Task goal: Below are the records; copy exactly the lines from the first through the one containing "Wise Chiropractic and Wellness", both included, and leave out the pictures.

Provided material:
☆ ☆ ☆ ☆ ☆ ☆ ☆

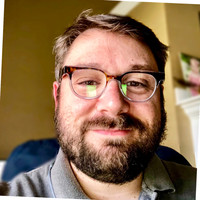 Christopher Depew, MA, LPC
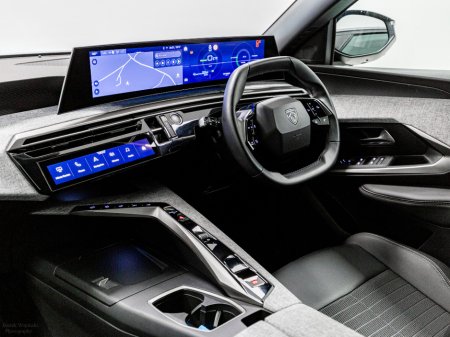 2024 Peugeot 3008 - photo 10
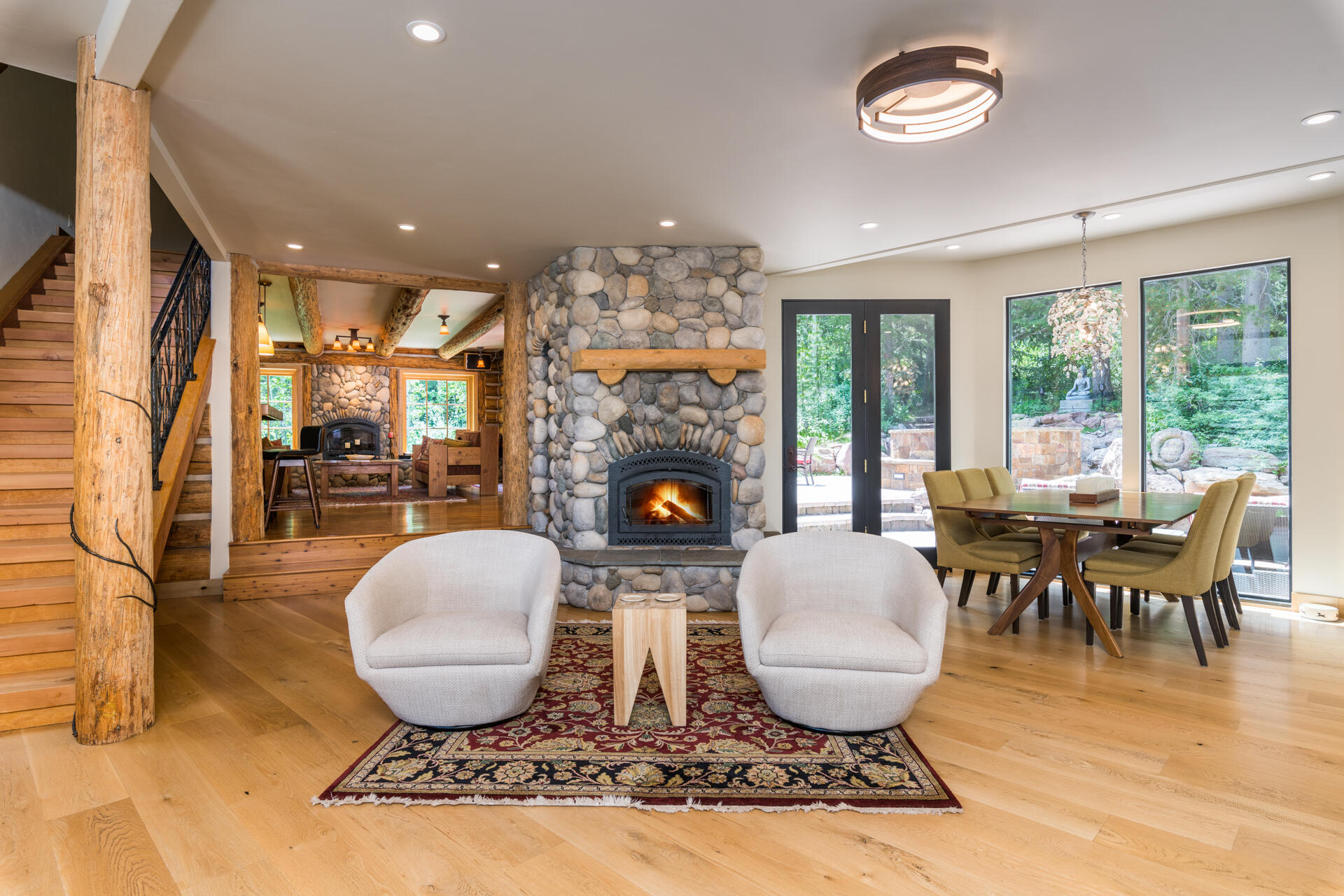 Blaine County, Idaho 83340, United States, 5 Bedrooms Bedrooms, ,5 BathroomsBathrooms,Residential,Pending,51731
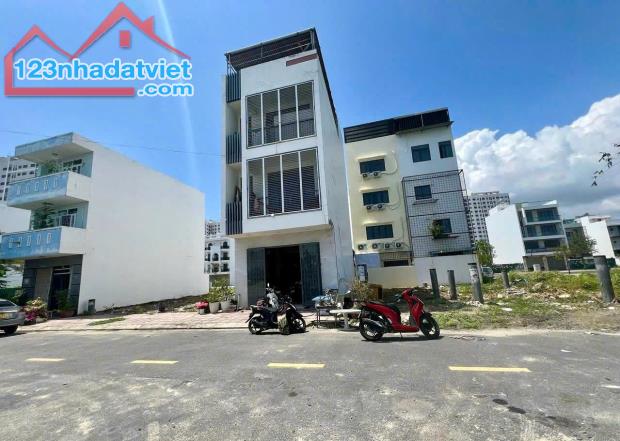 Bán Lô đất đẹp KĐT Hà Quang 1 đường số 26 giá chỉ 2 tỷ 990 triệu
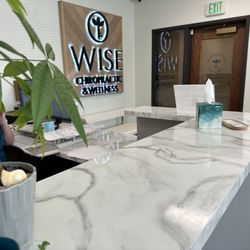 Wise Chiropractic and Wellness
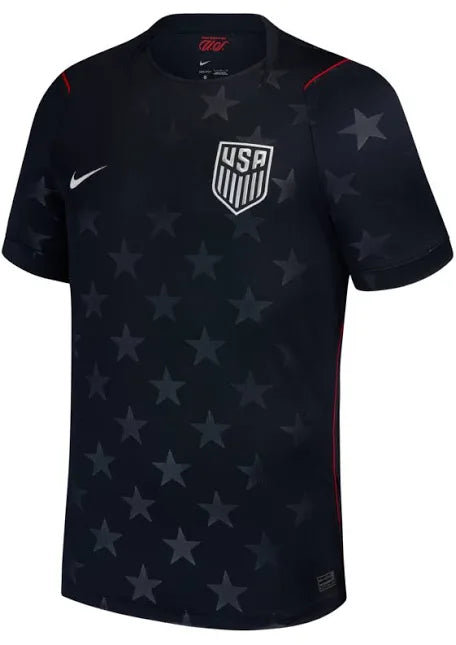 Nike USA Away Jersey 2026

☆ ☆ ☆ ☆ ☆ ☆ ☆

Reply to the exercise:
 Christopher Depew, MA, LPC
 2024 Peugeot 3008 - photo 10
 Blaine County, Idaho 83340, United States, 5 Bedrooms Bedrooms, ,5 BathroomsBathrooms,Residential,Pending,51731
 Bán Lô đất đẹp KĐT Hà Quang 1 đường số 26 giá chỉ 2 tỷ 990 triệu
 Wise Chiropractic and Wellness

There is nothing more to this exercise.